Matching Anonymized and Obfuscated Time Series to Users' Profiles

Many popular applications use traces of user data to offer various services to their users, example applications include driver-assistance systems and smart home services. However, revealing user information to such applications puts users' privacy at stake, as adversaries can infer sensitive private information about the users such as their behaviors, interests, and locations.

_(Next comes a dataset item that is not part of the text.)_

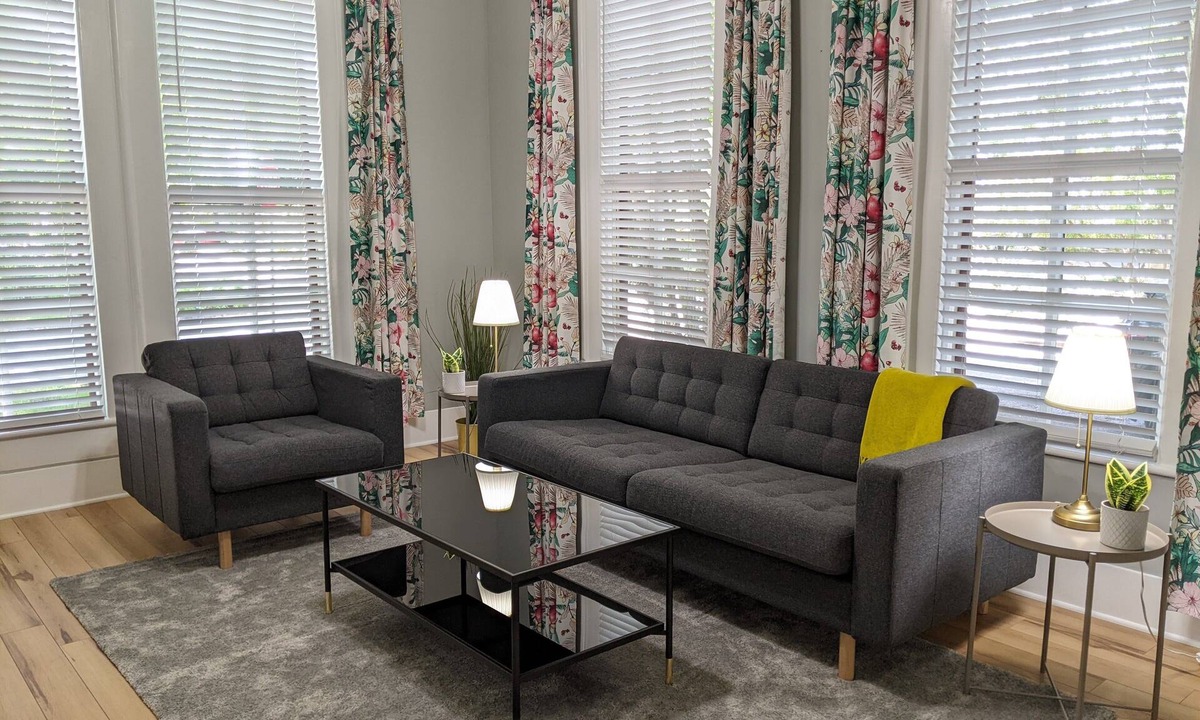 Hyde Park House | Spacious 1BR w/Office in Hyde Park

Recent research shows that adversaries can compromise users' privacy when they use such applications even when the traces of users' information are protected by mechanisms like anonymization and obfuscation. In this work, we derive the theoretical bounds on the privacy of users of these applications when standard protection mechanisms are deployed. We build on our recent study in the area of location privacy, in which we introduced formal notions of location privacy for anonymization-based location privacy-protection mechanisms. More specifically, we derive the fundamental limits of user privacy when both anonymization and obfuscation-based protection mechanisms are applied to users' time series of data. We investigate the impact of such mechanisms on the tradeoff between privacy protection and user utility. In particular, we study achievability results for the case where the time-series of users are governed by an i.i.d. process. The converse results are proved both for the i.i.d. case as well as the more general Markov Chain model. We demonstrate that as the number of users in the network grows, the obfuscation-anonymization plane can be divided into two regions: in the first region, all users have perfect privacy, and, in the second region, no user has privacy.